▼
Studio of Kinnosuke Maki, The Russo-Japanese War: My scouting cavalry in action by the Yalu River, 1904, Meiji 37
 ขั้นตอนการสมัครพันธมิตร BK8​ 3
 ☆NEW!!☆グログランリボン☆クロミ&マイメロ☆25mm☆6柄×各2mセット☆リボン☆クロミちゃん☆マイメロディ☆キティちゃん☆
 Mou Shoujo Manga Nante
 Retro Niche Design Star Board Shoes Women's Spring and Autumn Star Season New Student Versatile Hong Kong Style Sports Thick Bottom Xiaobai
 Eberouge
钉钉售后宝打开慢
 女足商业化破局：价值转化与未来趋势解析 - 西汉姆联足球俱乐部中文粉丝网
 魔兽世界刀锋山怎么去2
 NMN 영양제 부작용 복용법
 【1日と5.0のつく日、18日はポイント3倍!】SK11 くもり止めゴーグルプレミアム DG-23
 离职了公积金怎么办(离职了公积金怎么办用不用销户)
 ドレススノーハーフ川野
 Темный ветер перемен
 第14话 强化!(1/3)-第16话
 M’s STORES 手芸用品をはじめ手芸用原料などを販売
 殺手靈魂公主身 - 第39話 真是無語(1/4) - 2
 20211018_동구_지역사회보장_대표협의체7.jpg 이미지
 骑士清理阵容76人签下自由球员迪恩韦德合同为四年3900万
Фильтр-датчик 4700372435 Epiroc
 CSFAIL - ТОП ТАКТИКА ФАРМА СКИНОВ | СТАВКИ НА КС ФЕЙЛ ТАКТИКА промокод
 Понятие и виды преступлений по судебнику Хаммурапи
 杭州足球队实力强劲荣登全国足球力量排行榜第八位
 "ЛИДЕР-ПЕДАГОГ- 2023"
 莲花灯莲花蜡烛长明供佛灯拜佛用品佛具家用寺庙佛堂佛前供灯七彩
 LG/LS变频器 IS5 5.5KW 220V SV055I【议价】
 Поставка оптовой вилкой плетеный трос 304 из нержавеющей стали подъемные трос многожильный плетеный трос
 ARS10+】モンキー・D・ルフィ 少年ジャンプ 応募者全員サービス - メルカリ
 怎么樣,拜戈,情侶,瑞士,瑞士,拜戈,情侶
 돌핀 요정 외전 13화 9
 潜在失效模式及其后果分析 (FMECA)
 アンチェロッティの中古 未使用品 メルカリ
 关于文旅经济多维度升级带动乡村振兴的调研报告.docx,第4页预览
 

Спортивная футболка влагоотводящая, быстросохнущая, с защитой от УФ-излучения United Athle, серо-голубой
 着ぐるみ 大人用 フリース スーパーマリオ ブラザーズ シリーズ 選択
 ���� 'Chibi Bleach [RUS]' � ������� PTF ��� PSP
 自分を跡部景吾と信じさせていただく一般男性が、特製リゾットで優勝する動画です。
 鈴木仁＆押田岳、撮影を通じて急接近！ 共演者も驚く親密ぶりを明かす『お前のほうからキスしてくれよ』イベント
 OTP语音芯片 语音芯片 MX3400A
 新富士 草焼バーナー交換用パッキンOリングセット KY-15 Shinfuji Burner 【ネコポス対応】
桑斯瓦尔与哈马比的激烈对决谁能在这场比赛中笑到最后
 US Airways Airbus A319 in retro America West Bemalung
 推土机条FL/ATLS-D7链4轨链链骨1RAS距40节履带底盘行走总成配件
▲
◆ WORK TO COMPLETE ◆
Working through the data above, find every line holding "メルカリ" and copy it.

◆ EXERCISE RESULT ◆
 ARS10+】モンキー・D・ルフィ 少年ジャンプ 応募者全員サービス - メルカリ
 アンチェロッティの中古 未使用品 メルカリ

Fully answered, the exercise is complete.